If you're a third party contractor, and you start letting loose about your clients, thats not a good way to give yourself credibility. Remember that the management team for this company has likely spoken to their lawyers, possibly other security experts. There is the remote possibility that they know what they are doing.
Why are these machines connected to the Internet?
If they are insecure, sandbox them or cut them off completely.
If they need some kind of network access, use a whole shitload of proxies and firewalls and a carefully-monitored snort install and babysit the hell out of it until they can be secured.
No, forget that. Get them off the net completely.
-- My Weblog.
Your 'friend' has already screwed up. ( sorry to put it that baldly, but he has ) He was hired to deal with security issues, not legal ones. He never should have discussed client notification with them. When he starts expressing opinions about that, he is way outside of what he contracted to do. He may not have recognized this breach of manners, but, I assure you, they have.
Now, if he - or anybody else - leaks this, management will assume that it was him.

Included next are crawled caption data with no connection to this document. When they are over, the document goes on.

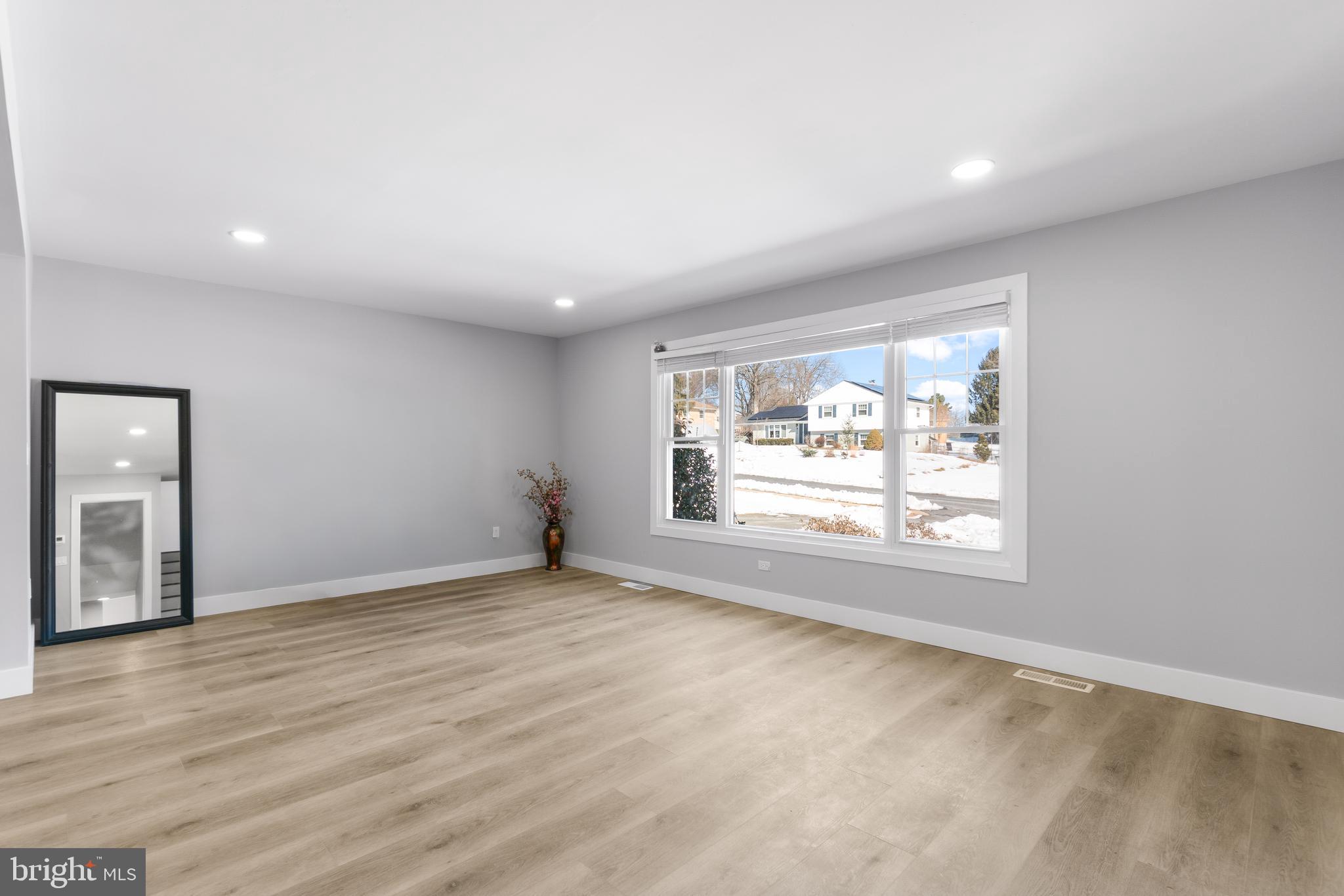 OLNEY MILL - Residential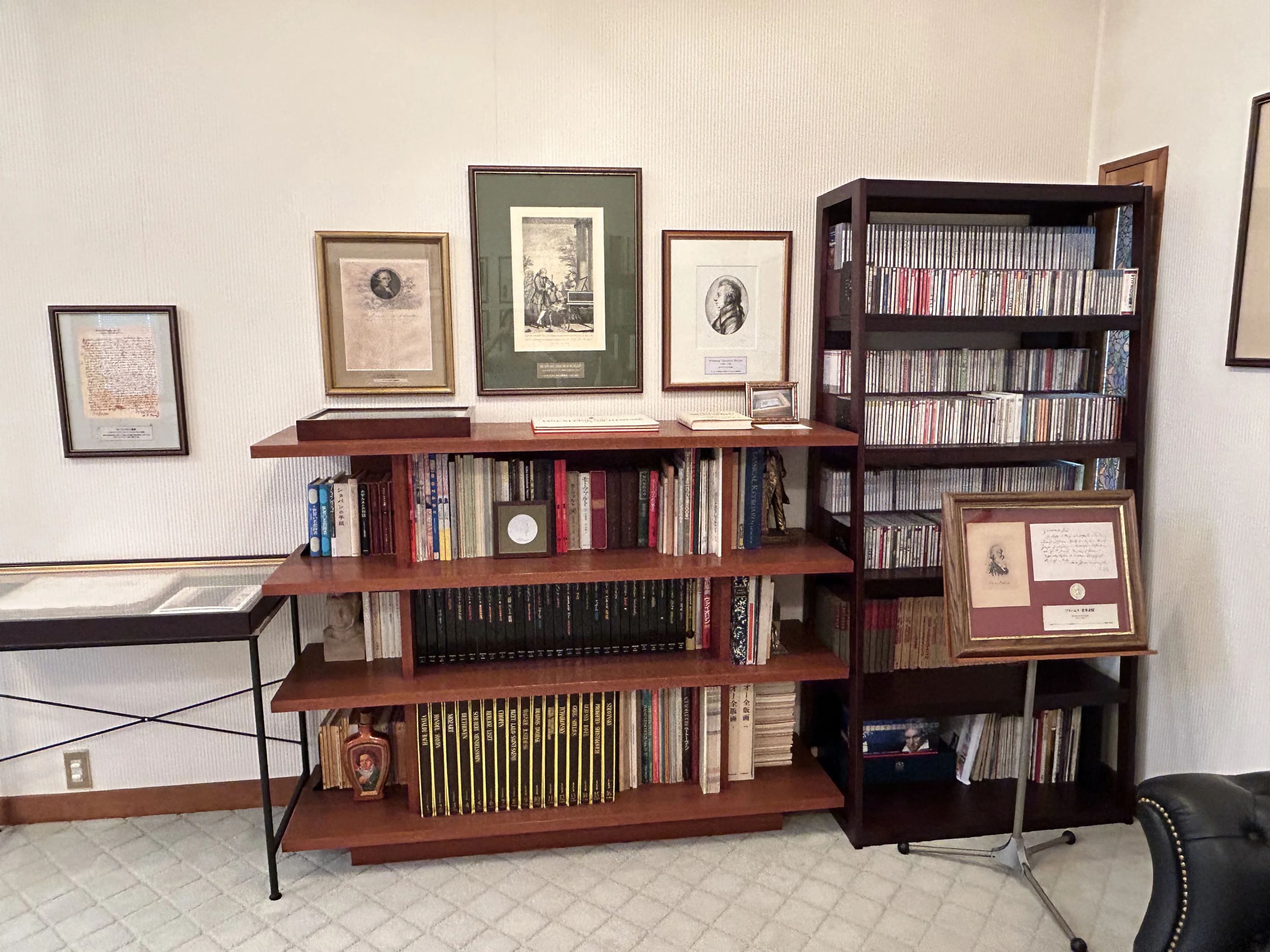 梅谷音楽学院 ピアノのサムネイル画像 3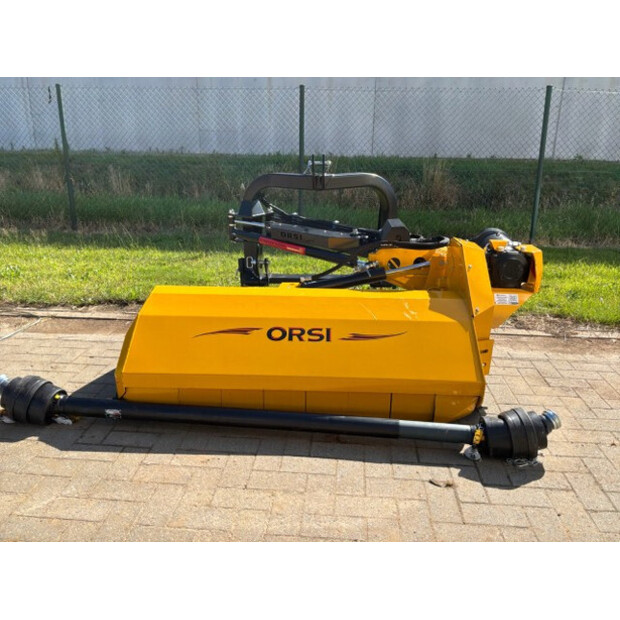 2024 ORSI Trincia CR210-48832391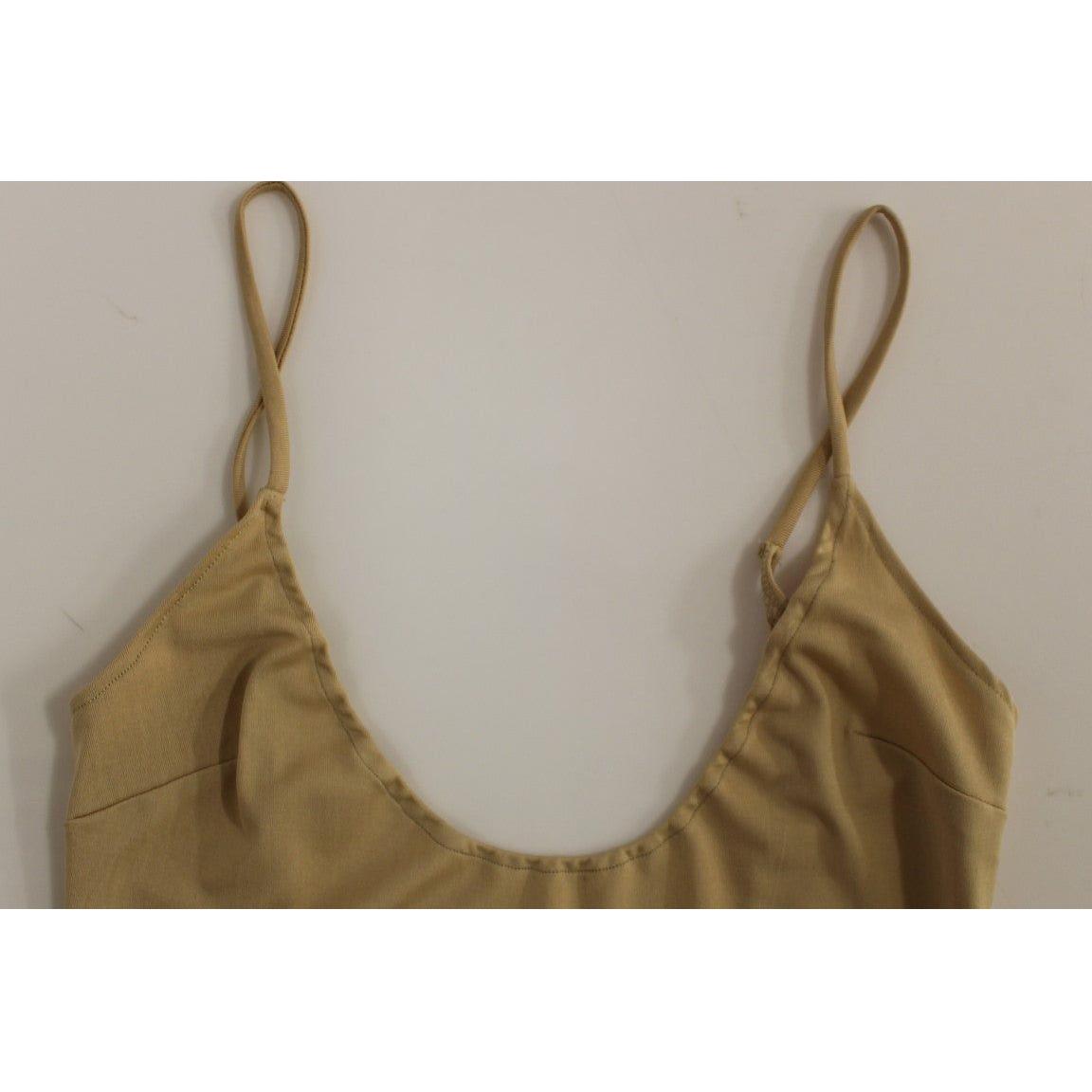 فستان أليس بالمر المصنوع يدويًا باللونين الأسود والأبيض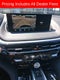 2024 Acura MDX 3.5L SH-AWD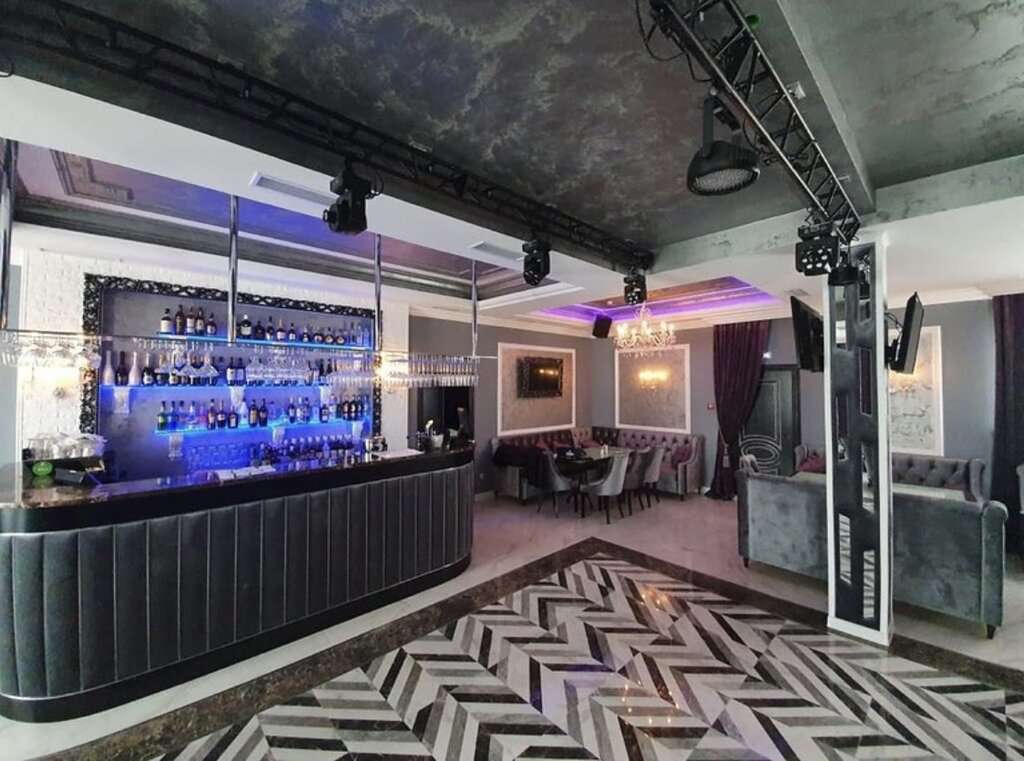 Караоке-Театр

#1 - run the hell away. if the client is not interested in doing what he suggests then he is wasting time. those 98 machines should have been on a secure private network with no internet access for years now. if the company refused to do that he should have said, "then you will have no security, your data can and will be stolen eventually, are you ok with that?", if they say yes, have them sign off on a hold harmless waiver. always end that statement with that question. it delivers ownership of the problem to the exec and allows you to CYA.
when the security breach happened like this you can then say "executive XYZ said he was ok with that, see here is his sign off acknowledging that fact.
Secondly, win98 apps can be ran in a virtual system that would have allowed him to have some security.. why did he not do this? was the client a cheapskate and refused to pay for anything?? if so then once again it's a run away situation.
This could have been avoided, it would not have been cheap, but it could have been avoided. IT consultants need to have the balls to tell a customer "NO! you have to do it this way." because they are paying you to be the expert. If they do not listen to you sugges they hire the "geek squad" from best buy then if all they are looking for is IT people that will do what they are told.
Can you tell I am fed up with incompetent clients that say they want security but refuse to pay for it?
Do not look at laser with remaining good eye.
One of the available options you can configure is the vmware ethernet bridge. This bit of code was donated by the NSA (make of that what you will). iirc the NSA were using vmware to run windows as a client OS with linux as the host OS for security reasons (the vmware network bridge itself being considered quite secure)
$_="Slashdotter";$syn="OTT";s;..;;;sub _{print shift||$_};s!ash!Perl !;s=$syn=ack=i;tr+LLEd+BLAH+;_"Just Another ";_
You are misinformed. They are no longer the consultants you say "nee"; they are now the consultants who say "eki eki eki ftang whoborble"
Is there heaven? Is there Hell? Is that a Tuna Melt I smell?-Primus
....
don't ask on slashdot?
Seriously.
If your "friend" thinks he needs legal advise, he should ask a lawyer.
If your "friend" is asking for technical advise, while dosbox and wine are _great_ ways to impose greater restrictions on legacy software, if your "friend" is asking for technical advise by acting like he's looking for legal advise, then your "friend" is an asshat.